CAPE TOWN: US steel makers have included SA in a catch-all request for protection against imports of cut-to-length carbon and alloy steel plate, which has been filed with the US International Trade Commission.
Seeking antidumping duties on the product line are three companies, ArcelorMittal USA, Nucor and SSAB Enterprises. SA is one of 12 countries in the firing line. Its share of US imports between March 2015 and February this year was a tiny 1.65%, too small by itself to be targeted directly under US antidumping rules.
However, in their April 8 filing, the petitioners argue that imports from all sources should be “cumulated” — treated as one, regardless of origin — because the product is a fungible commodity marketed through common channels.
The US firms said they were suffering “material injury” from the doubling of “dumped and subsidised imports”. The suppliers with the largest import shares are Korea (20%), Germany (18%), France (12%) and China (7%).
US imports of SA cut-to-length steel under the tariff lines specified in the petition were valued at $21.8m in 2014 and $11.1m last year, according to US census data. In March, the US imposed antidumping duties on cold-rolled steel from China and six other countries. The duty slapped on China’s exports was 266%.

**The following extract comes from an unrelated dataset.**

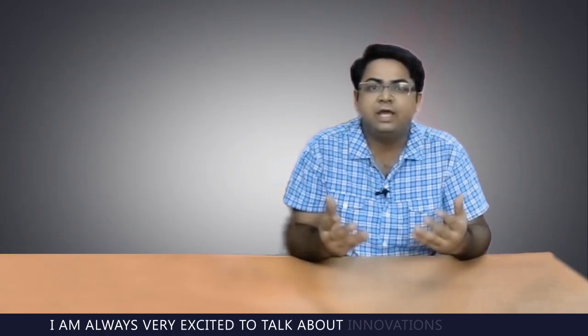Hi guys, I'm Deepak Gupta from Patent Yogi. I'm always very excited to talk about innovations from Boeing.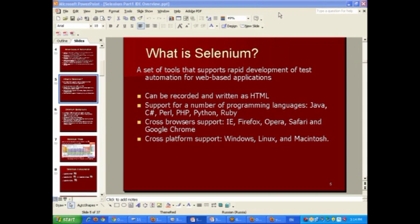In addition to HTML — the original format of Selenium IDE scripts — when you move into other Selenium tools, you'll find that most commonly used languages like Java, C#, Perl, PHP, Python, and Ruby are supported by the broader Selenium group of tools. Selenium also provides support for various browsers — IE, Firefox, Opera, Safari, and Google Chrome — and supports test execution on Windows, Linux, and Macintosh platforms.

Petitioner Nucor’s share price has risen 19% since the start of the year, helped in part by protection from imports. US Steel, which is not part of the latest case, has seen its stock jump more than 100% since the end of February, when the cold-rolled duties went into effect.
The US International Trade Commission will hold a preliminary hearing on the cut-to-length case on April 29. The Department of Trade and Industry said on Thursday the initiative by the three US companies to protect their market was similar to that taken by a swathe of countries due to “the global steel glut, huge installed capacity and inventory in China and the very significant fall in aggregate demand in steel flowing from the global economic recession”.
The department’s deputy director-general Garth Strachan said they were all trying to protect their domestic markets against a flood of cheap Chinese steel imports. The department has signed off on nine tariff increases for imported steel products and is processing a 10th for hot-rolled coil.